Background and objectives: The Primary Care Exception (PCE) in US graduate medical education allows billing for low complexity outpatient primary care visits with indirect faculty supervision, where the faculty does not directly see the patient. The PCE historically applied only to lower complexity billing codes; but during the COVID-19 public health emergency (PHE) from March 2020 to May 2023, the PCE was expanded to include moderate and high complexity visits. Prior PCE studies have evaluated family medicine residencies before the 2021 update to the Evaluation and Management Services guidelines, which include different definitions of complexity. This is the first study to evaluate the billing impact of PCE in a primary care residency of internal medicine after the Evaluation and Management Services update.

Methods: We conducted a retrospective billing data evaluation of 99213, 99214, and 99215 billing codes from July to September 2022 (during PHE) and July to September 2023 (post-PHE) in a single institution internal medicine residency clinic. We assessed the frequencies using χ2.
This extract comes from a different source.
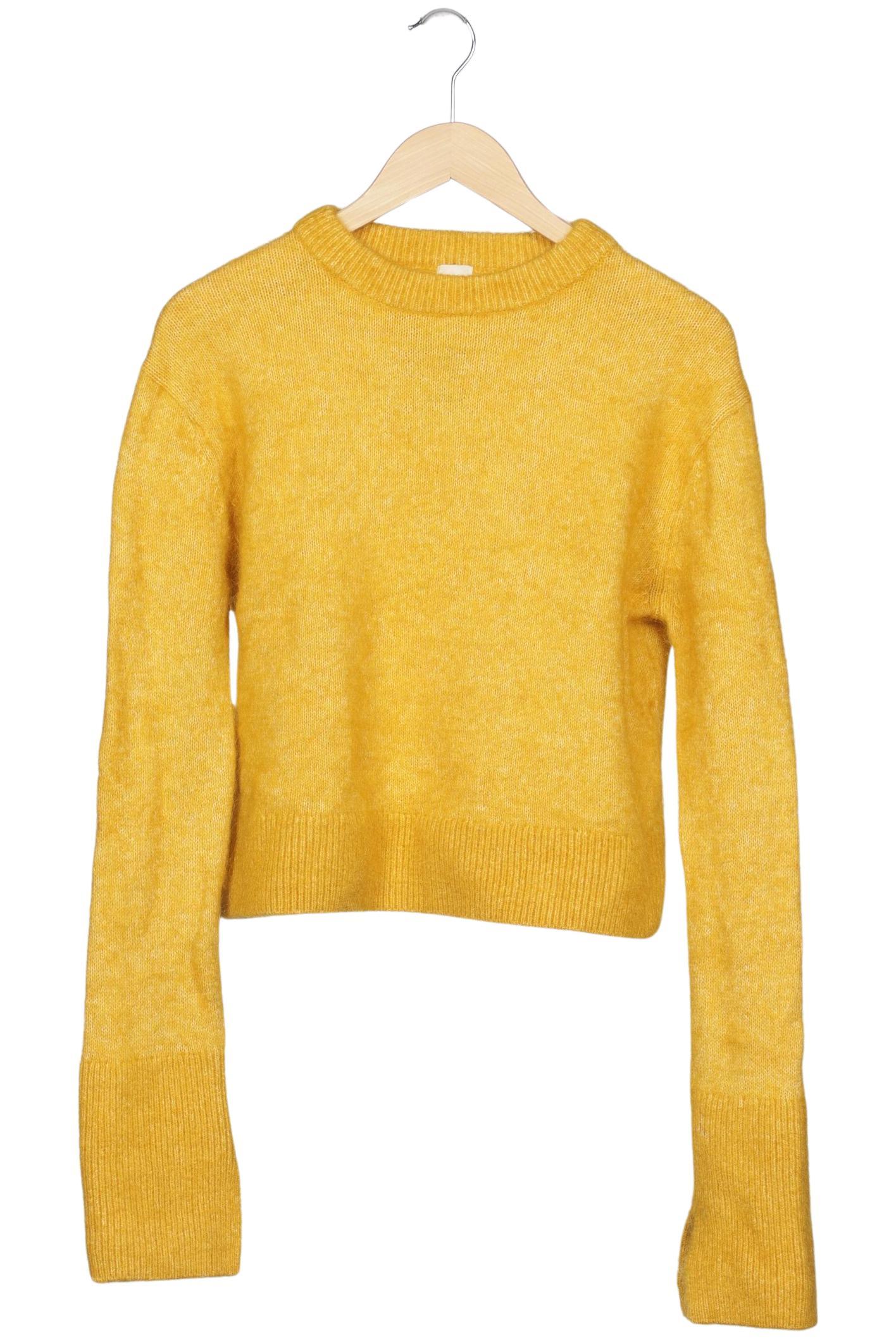 

H&M Damen Pullover, gelb, Gr. 38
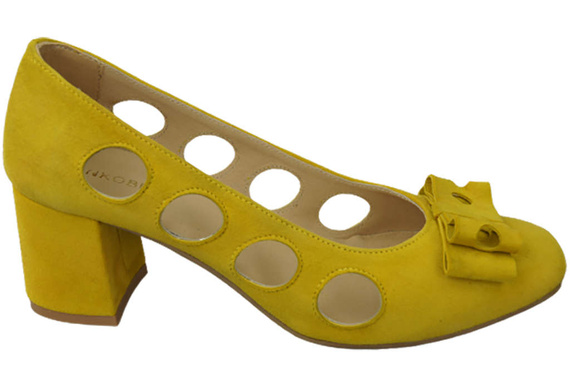 Women's shoes Pumps Natural leather suede 182 ElitaBut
Results: A total of 11,358 patient visits met criteria. During the PHE, the majority were billed 99214 (4,602 of 5,557, or 82.8%) followed by 99213 (870 of 5,557, or 15.7%). Post-PHE, the majority were 99213 (4,000 of 5,801, or 68.3%) followed by 99214 (1,742 of 5,801, or 30.6%).

Conclusions: We observed an absolute 52.2% higher use of 99214 during the COVID-19 PHE expansion of the PCE. This finding has important implications for both clinic operations and education.

突发公共卫生事件期间和之后的初级保健例外。
背景和目的:美国研究生医学教育中的初级保健例外(PCE)允许在教师间接监督下对低复杂性门诊初级保健就诊计费,教师不直接见患者。PCE历来只应用于复杂度较低的计费代码;但在2020年3月至2023年5月的COVID-19突发公共卫生事件(PHE)期间,PCE扩大到包括中度和高度复杂的就诊。之前的PCE研究在2021年评估和管理服务指南更新之前评估了家庭医学住院医师,其中包括不同的复杂性定义。这是评估和管理服务更新后,第一个评估PCE对内科初级保健住院医师计费影响的研究。方法:对某单一机构内科住院医师诊所2022年7月至9月(PHE期间)和2023年7月至9月(PHE后)的99213、99214和99215计费代码进行回顾性计费数据评估。我们使用χ2来评估频率。结果:11358例患者符合标准。在公共卫生期间,大多数人的账单是99214(5557人中有4602人,占82.8%),其次是99213(5557人中有870人,占15.7%)。phe后,大多数是99213(5801例中有4000例,占68.3%),其次是99214(5801例中有1742例,占30.6%)。结论:我们观察到,在PCE的COVID-19 PHE扩展期间,99214的使用量绝对增加了52.2%,这一发现对临床操作和教育都具有重要意义。
本文章由计算机程序翻译,如有差异,请以英文原文为准。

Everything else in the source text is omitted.